Alvorece, lembro sempre onde
Perguntado se escrevia todos os dias, respondi inevitavelmente - sim! Com uma prontidão contrária à da escrita, não porque as palavras não as descarregue de jorro, mas porque é o momento de as ideias fervilharem pausadamente, absolutamente vagarosamente, lidos todos estes advérbios traço a traço entre cada sílaba, no silêncio esparso por todo o espaço do espírito. Somente absorto na quietude do acto vazado no meu livro de orações: o caderninho negro cabendo no bolso do casaco onde apenas redije o lápis da minha lapiseira com ordens expressas de um risco censor jamais.
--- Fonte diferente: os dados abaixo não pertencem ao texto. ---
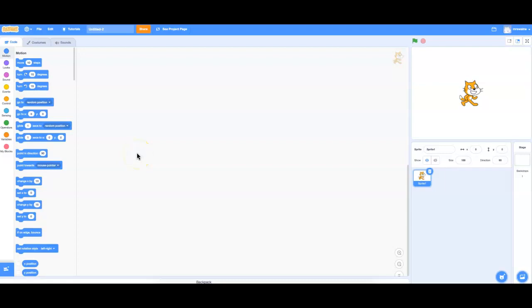Hi everyone. I decided to do a little tutorial on how to make different objects fall from the sky, because there were a few people with questions about that.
O resto virá depois, ainda demorado, o aplainar das palavras (sempre desbocadas) no cuidado próprio de quem sabe, - esta caneta de tinta permanente (agora) é como uma navalha afiada em mãos incautas, bem pode lascar-nos os dedos que a manejam como distorcer as ideias, repetidas, infieis, mal desenhadas.
E tudo afinal porquê e para quê? - dirão - sem resposta que possam levar além da circunstância de este ser o tempo todos os dias em que o dia está nascendo e o parto condenar-se-ia não fossem mais estas amostras de sangue guardadas no frigorífico.